**Task instructions:** Without the pictures, repeat all of the data exactly as it appears below.

··········

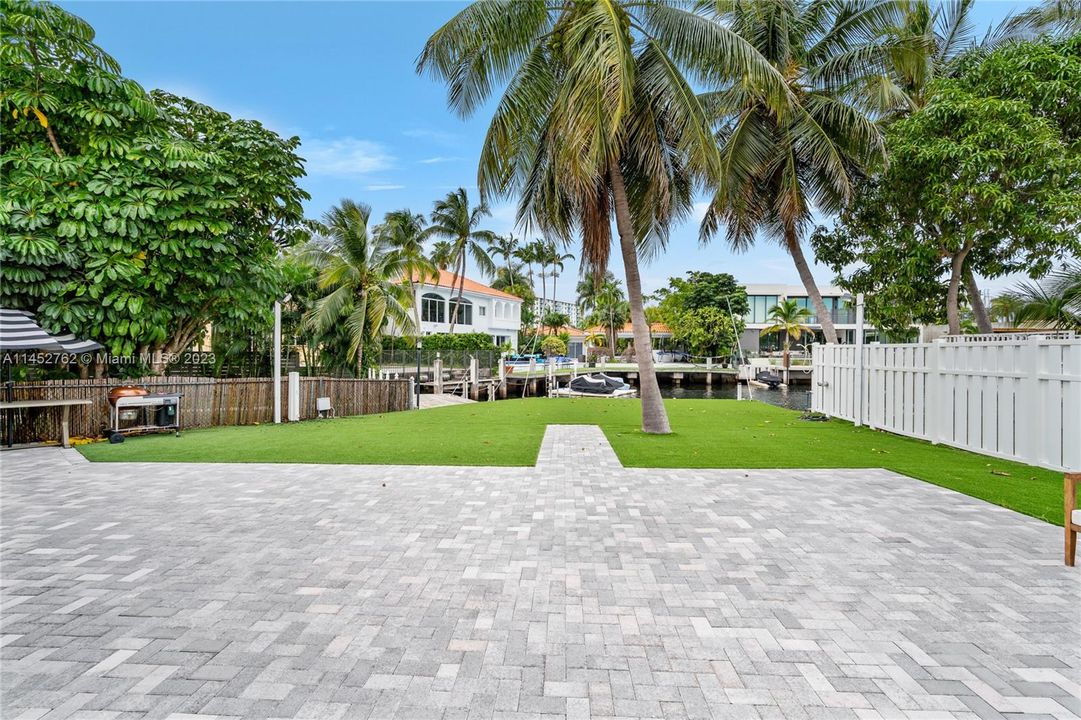 For Sale: $2,599,000 (3 beds, 2 baths, 0 Square Feet)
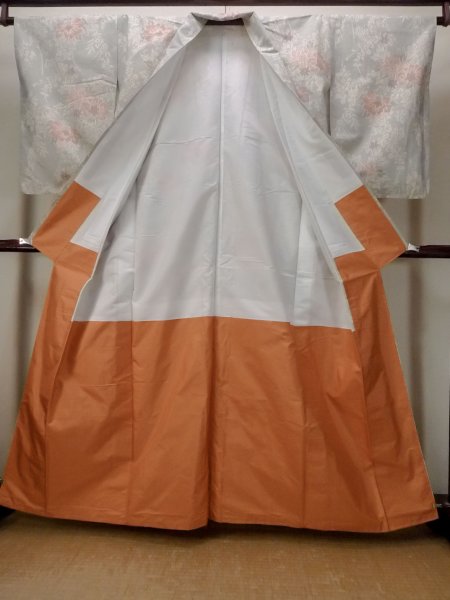 画像2: N1210S 女性用紬  シルク(正絹) 淡いマルチカラー, 花 【中古】【USED】【リサイクル】 ★★★☆☆【N1210S】 (2)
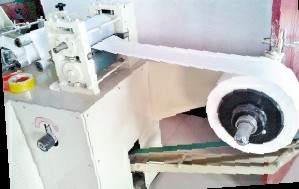 記者臥底揭秘劣質紙 衛(wèi)生許可證號是老板所編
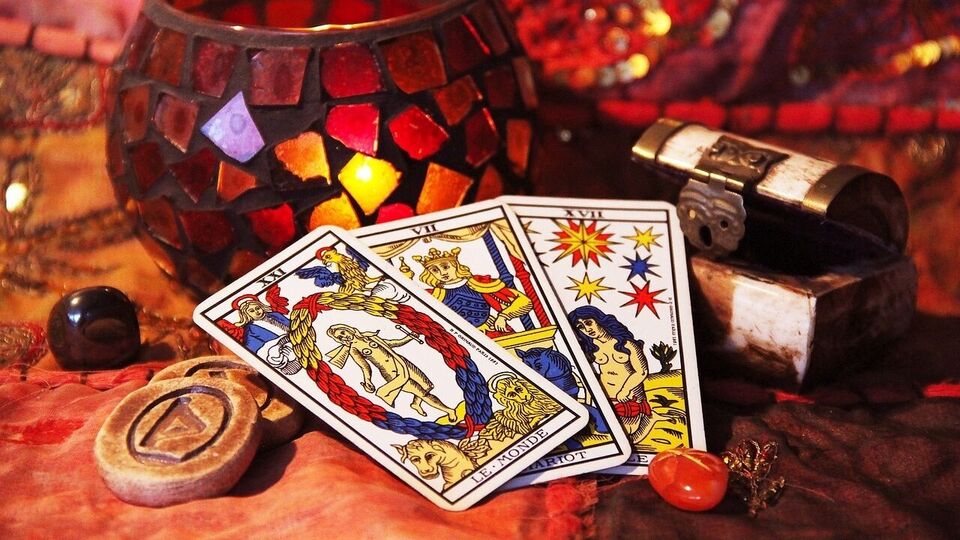 বৃষ: ট্যারো কার্ডগুলি বলে যে বৃষ রাশির জাতকদের জন্য সপ্তাহের শুরুটি একটু ধীর কিন্তু চিন্তায় পূর্ণ হতে পারে। আর্থিক অবস্থা স্থিতিশীল থাকবে, তবে কোনও বড় বিনিয়োগ করার আগে পুঙ্খানুপুঙ্খ তদন্ত করুন। পারিবারিক দায়িত্ব পালন করতে হতে পারে। পুরনো সমস্যাগুলি আবার আসতে পারে, তবে এবার আপনি পরিপক্কতার সঙ্গে সেগুলি সমাধান করতে সক্ষম হবেন। মানসিক ভারসাম্য আপনার সবচেয়ে বড় শক্তি হবে। ধৈর্য এবং বোঝাপড়ার সঙ্গে সম্পর্কের মধ্যে ঘনিষ্ঠতা বৃদ্ধি পাবে।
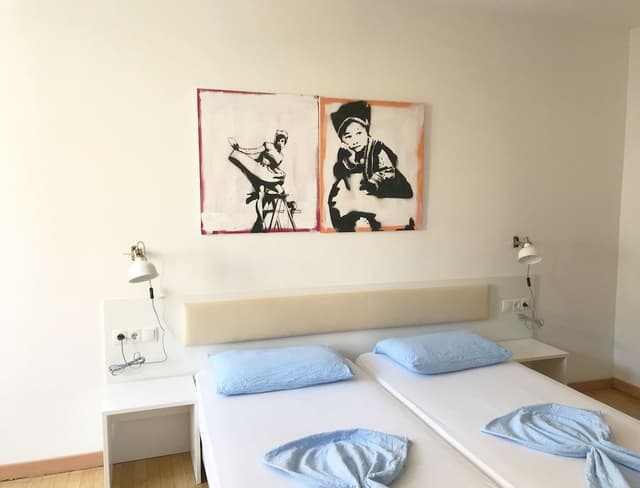 Standard Room, 2 Twin Beds, Non Smoking, Shared Bathroom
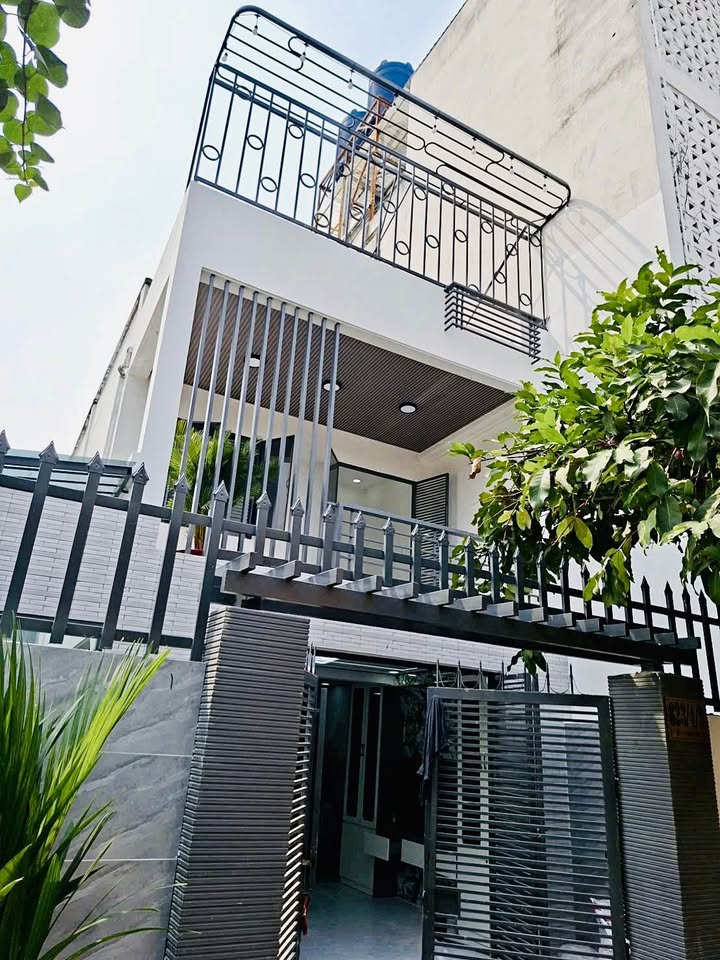 Nhà riêng Tô Ngọc Vân Q12 80m² giá 4.96 tỷ - Full nội thất, sẵn sàng vào ở!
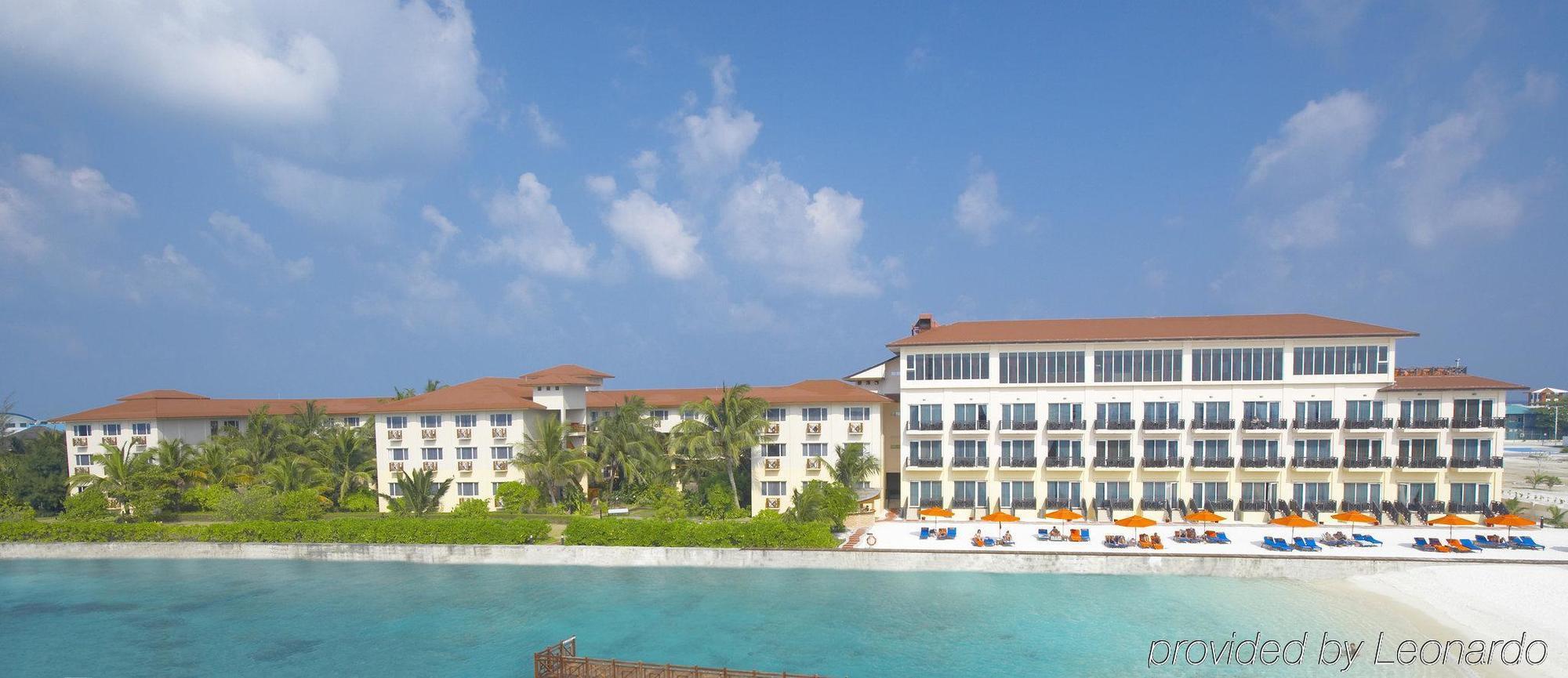 Hulhule Island Hotel Мале Екстериор снимка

··········

**The answer:**
 For Sale: $2,599,000 (3 beds, 2 baths, 0 Square Feet)
 画像2: N1210S 女性用紬  シルク(正絹) 淡いマルチカラー, 花 【中古】【USED】【リサイクル】 ★★★☆☆【N1210S】 (2)
 記者臥底揭秘劣質紙 衛(wèi)生許可證號是老板所編
 বৃষ: ট্যারো কার্ডগুলি বলে যে বৃষ রাশির জাতকদের জন্য সপ্তাহের শুরুটি একটু ধীর কিন্তু চিন্তায় পূর্ণ হতে পারে। আর্থিক অবস্থা স্থিতিশীল থাকবে, তবে কোনও বড় বিনিয়োগ করার আগে পুঙ্খানুপুঙ্খ তদন্ত করুন। পারিবারিক দায়িত্ব পালন করতে হতে পারে। পুরনো সমস্যাগুলি আবার আসতে পারে, তবে এবার আপনি পরিপক্কতার সঙ্গে সেগুলি সমাধান করতে সক্ষম হবেন। মানসিক ভারসাম্য আপনার সবচেয়ে বড় শক্তি হবে। ধৈর্য এবং বোঝাপড়ার সঙ্গে সম্পর্কের মধ্যে ঘনিষ্ঠতা বৃদ্ধি পাবে।
 Standard Room, 2 Twin Beds, Non Smoking, Shared Bathroom
 Nhà riêng Tô Ngọc Vân Q12 80m² giá 4.96 tỷ - Full nội thất, sẵn sàng vào ở!
 Hulhule Island Hotel Мале Екстериор снимка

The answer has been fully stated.